C’est de savoir quel pays est la plus grande puissance de hockey masculin dans le monde.
C’est de savoir quel pays enseigne le mieux le hockey.
C’est de savoir quel pays développe le mieux le hockey.
Ce sont deux pays plongés dans une guerre commerciale ridicule et méprisante.
C’est le capitaine des Maple Leafs qui veut nous battre, chez nous, avec le chandail d’une autre équipe.
C’est Sidney Crosby qui veut prouver qu’il peut encore dompter les jeunes talents exceptionnels.
C’est Connor McDavid contre Auston Matthews.
C’est une partie de la foule qui dénonce qu’une autre partie hue les Américains, pendant que l’autre partie dénonce que l’autre ne manifeste pas de colère.
C’est de la politique qui s’invite. Et tout le monde peut bien répéter 1000 fois que la politique ne doit pas se mêler à tout ça, mais c’est impossible.
C’est un avant-goût pour la finale de ce tournoi, probablement.
C’est un avant-goût des Jeux olympiques de Milan, dans un an.
Bref, c’est beaucoup de choses, ce match-là.
Où en est le Canada?
La dernière fois qu’il y avait une confrontation «meilleurs contre meilleurs» entre les deux pays, c’était en 2016 à la Coupe du monde de hockey. Le Canada avait gagné 4-2.

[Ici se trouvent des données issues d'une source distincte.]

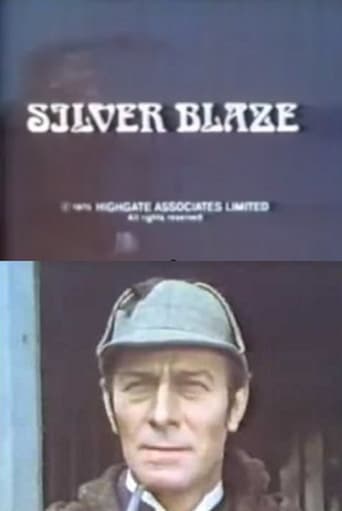 Silver Blaze Poster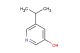 5-isopropylpyridin-3-ol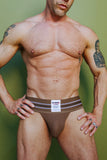 CELLBLOCK 13 TIGHT END JOCKSTRAP - BROWN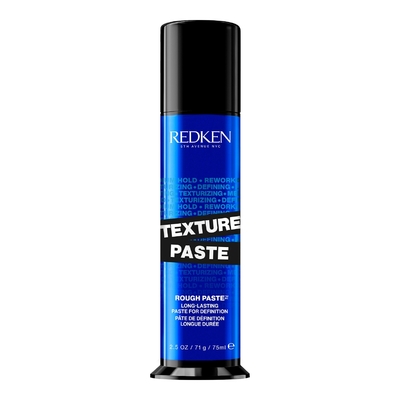 Redken - Styling by Redken - Pâte à sculpter modelable avec un contrôle fort et un fini naturel - 75ml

Je continue tout de même de douter de la valeur de cette Coupe du monde. D’abord, c’était en septembre, quand les joueurs sont loin d’être au sommet de leur forme.
Deuxièmement, car les joueurs de 23 ans et moins ne jouaient pas pour leur pays. Par exemple, Johnny Gaudreau aurait dû faire partie de l’équipe des États-Unis.
Il faut donc remonter à Sotchi, en 2014, pour ce que j’appellerais le dernier vrai affrontement «meilleurs contre meilleurs» entre le Canada et les États-Unis. Carey Price avait été brillant et les Canadiens l’avaient emporté 1-0, avant de battre la Suède beaucoup plus facilement pour remporter la médaille d’or.

Le Canada avait une équipe de rêve. Les États-Unis aussi. Mais ce n’était pas comparable.
Oui, ils avaient Patrick Kane et un Phil Kessel au sommet de son art. Mais ils avaient aussi des Paul Martin, Paul Stastny et Brooks Orpik. Ou de jeunes Derek Stepan et James van Riemsdyk.
Ce n’était pas un mauvais club. Mais le Canada avait Crosby, Toews, Weber, Bergeron, St-Louis, Perry, Getzlaf, Keith, Doughty... On est quand même ailleurs.
Le tout-puissant
Ça fait 11 ans. Et en 11 ans, il s’en est passé des choses dans le développement du hockey, tant aux États-Unis qu’au Canada. Il n’y aura pas de Paul Martin pour les États-Unis samedi soir. Même pas proche.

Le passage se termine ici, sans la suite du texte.